Tuesday, October 29, 2013

Review: Ask the Passengers

Purchase Ask the Passengers here.


Astrid Jones desperately wants to confide in someone, but her mother's pushiness and her father's lack of interest tell her they're the last people she can trust. Instead, Astrid spends hours lying on the backyard picnic table watching airplanes fly overhead. She doesn't know the passengers inside, but they're the only people who won't judge her when she asks them her most personal questions . . . like what it means that she's falling in love with a girl.

As her secret relationship becomes more intense and her friends demand answers, Astrid has nowhere left to turn. She can't share the truth with anyone except the people at thirty thousand feet, and they don't even know she's there. But little does Astrid know just how much even the tiniest connection will affect these strangers' lives--and her own--for the better.
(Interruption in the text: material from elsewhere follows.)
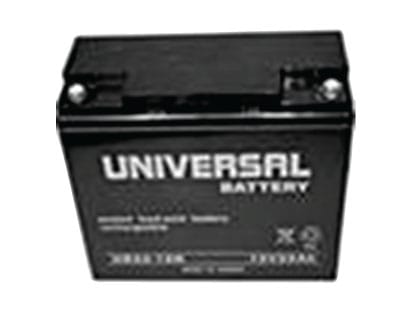 A black rectangular battery with "Universal Battery" printed in white text on the front.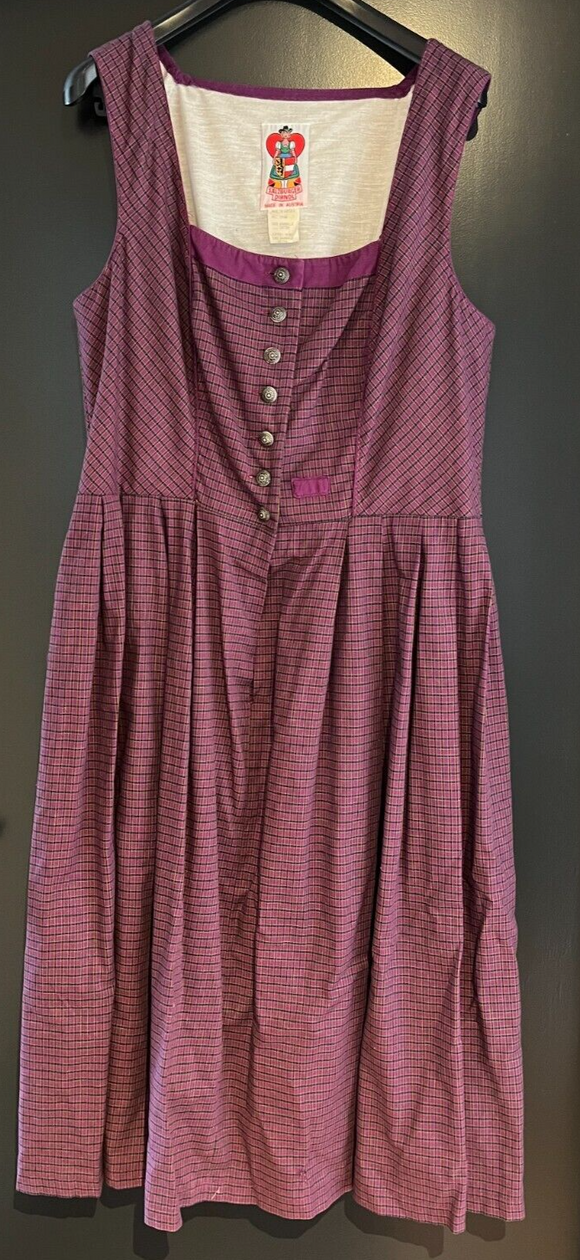 Damen Trachten Dirndl ärmellos lila gemustert ca. Gr. 40 v. Salzburger Dirndl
In this truly original portrayal of a girl struggling to break free of society's definitions, Printz Honor author A.S. King asks readers to question everything--and offers hope to those who will never stop seeking real love.
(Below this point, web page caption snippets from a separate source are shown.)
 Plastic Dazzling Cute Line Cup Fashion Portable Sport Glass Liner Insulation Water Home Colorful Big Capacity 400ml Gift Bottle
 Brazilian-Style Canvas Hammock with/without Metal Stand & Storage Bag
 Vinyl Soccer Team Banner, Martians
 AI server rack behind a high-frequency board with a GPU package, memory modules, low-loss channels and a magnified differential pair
My mother (who is the reason for the title of this blog) tried to tell me how awesome this book was weeks ago.  It took me a while to finally get around to it, but I'm so glad I took the time to read Ask the Passengers.  I tore through it in a single afternoon, all while texting her excitedly.
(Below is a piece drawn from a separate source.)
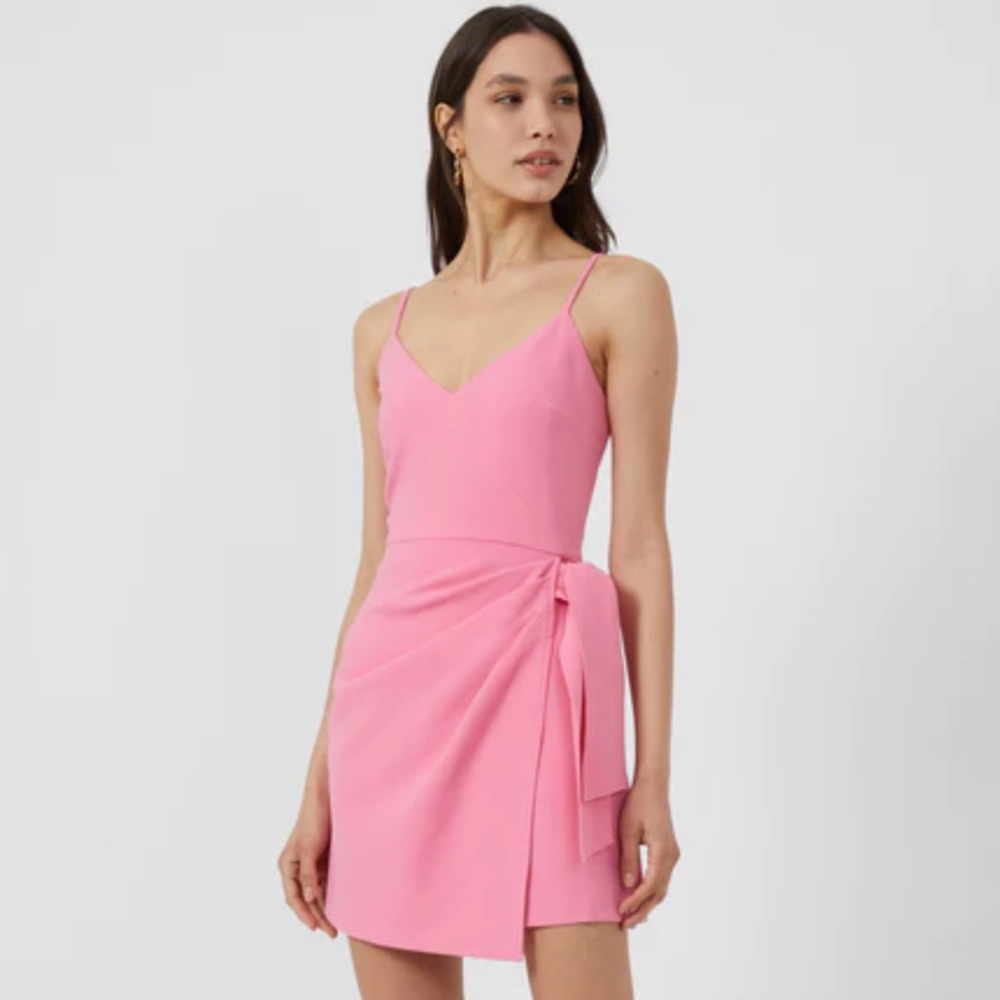 French Connection Whisper V Neck Bow Envelope Dress
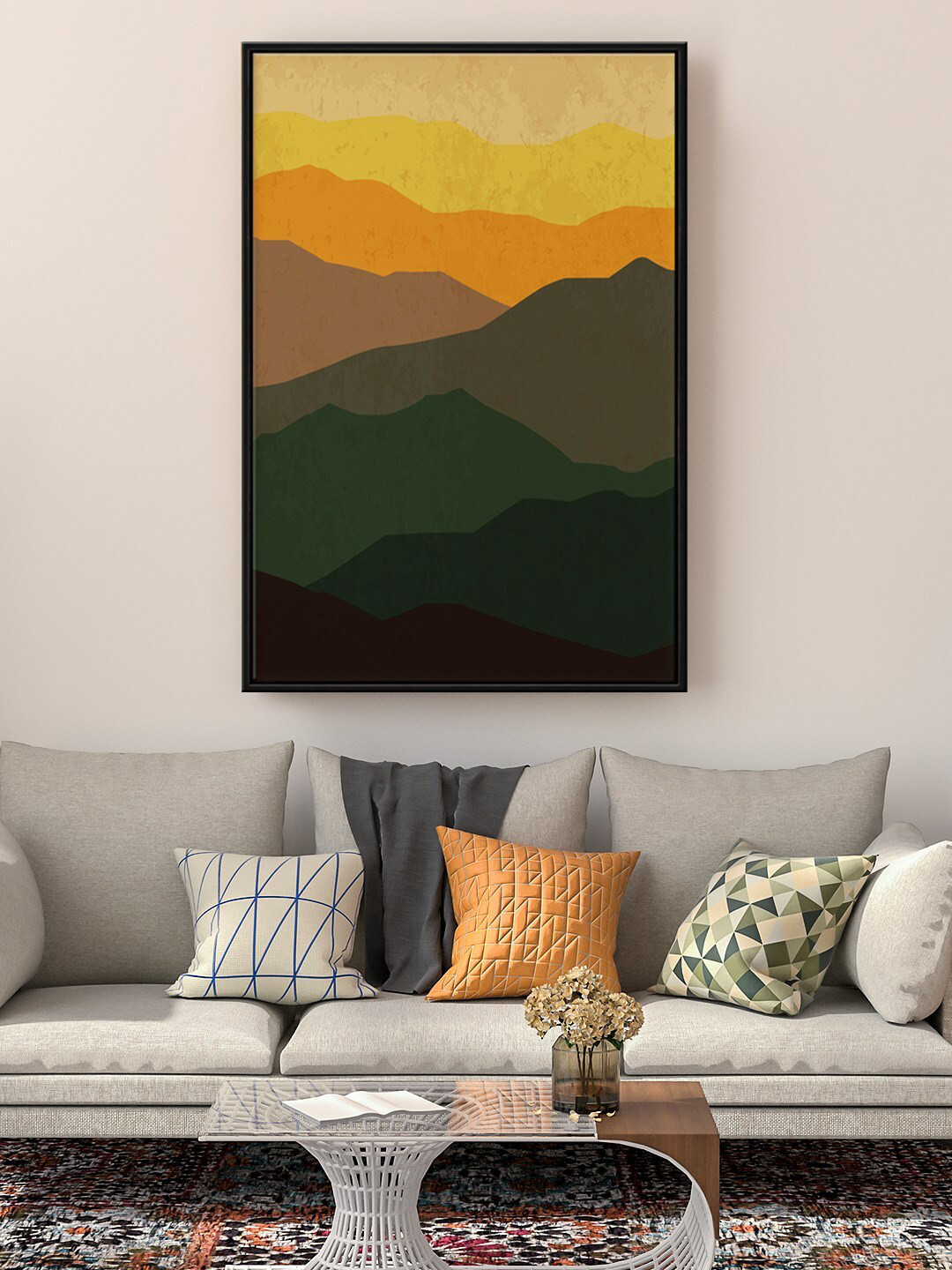 999Store Floating Frame Yellow & Green Floating Mountain Art Printed Framed Wall Painting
I am absolutely in love with this book.  It's adorable, funny, and thought-provoking.  Astrid is a well-rounded and complex character whose challenges are relatable whether or not you've ever dealt with questioning your sexuality.  On that note, I love that Ask the Passengers forces us to question the rigidly binary "gay or straight" idea of sexuality we've internalized, and I love the way that happens.  Rather than having some academic (or, more likely, Tumblr social justice blogger) lecture at the reader about how sexuality is fluid, the reader is inside the mind of a teenager struggling with the implications of that way of thinking.  Honestly, I think this should be required reading for every parent with a queer child who wants to better understand them.

There is a bit of magical realism in this book.  That's often not my thing, but the book is written in such a way that it actually makes sense and really enhances the story.

All in all, a really beautiful book that is well-worth the read.  Thanks, Mom.